Review by Chelsea Archer

As anyone who has ever read Neal Shusterman will tell you, his books don’t shy away from difficult topics. He broaches these topics by creating fantastical worlds that blend elements of realism. Speculative fiction relies on realism to draw the reader in and make them believe in the absurd happenings of the story. Shusterman’s novels are moral plays, on par with Stephen King’s Misery, Michael Crichton’s Jurassic Park, and Frank Herbert’s Dune.

As the author of over 30 novels, Neal Shusterman knows how to create a burning interest within the first few pages. Like most other YA novels, his characters are often under the age of 20, the parents are no longer in the picture (for a variety of reasons) and they undergo a quest of some sort that changes them at a fundamental level, but unlike most other YA novels, he likes to open his tales with immediate shock and hardship. In Shusterman’s Skinjacker trilogy for instance, readers are taken to children’s limbo where newly dead or dying souls must come to grips with the end of their short lives. The opening page introduces the reader to the heroine as she is killed, instantly drawing us in. Life and death make up a large part of his novels, something that many of us struggle to understand and come to terms with. This serves not only to compel YA readers to consider this heavier topic, but also to bridge the gap between YA and an adult audience.

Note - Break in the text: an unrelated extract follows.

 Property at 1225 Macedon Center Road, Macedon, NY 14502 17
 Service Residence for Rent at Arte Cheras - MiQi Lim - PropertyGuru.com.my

Just as in past novels, Neal Shusterman’s Unwind creates a fantastic world with our own issues hidden just below the surface. In the United States, sometime in the near future, a second civil war takes place over abortion. The resulting compromise calls for unwanted children between the ages of 13 and 18 to be “unwound” – have their body parts harvested for later use. Since all parts of their body will be reused and live on, technically, the government considers them to still be alive.

Here the reader meets Connor, Risa, and Lev, our three heroes leading us through the narrative. All three are set to be unwound and all three feel differently about their impending dissolution. This is what gives the novel such depth. We are provided with each possible viewpoint into the act of unwinding, allowing us to form our own conclusion. We see one child fighting for his life, one welcoming the end, and another following a religious path.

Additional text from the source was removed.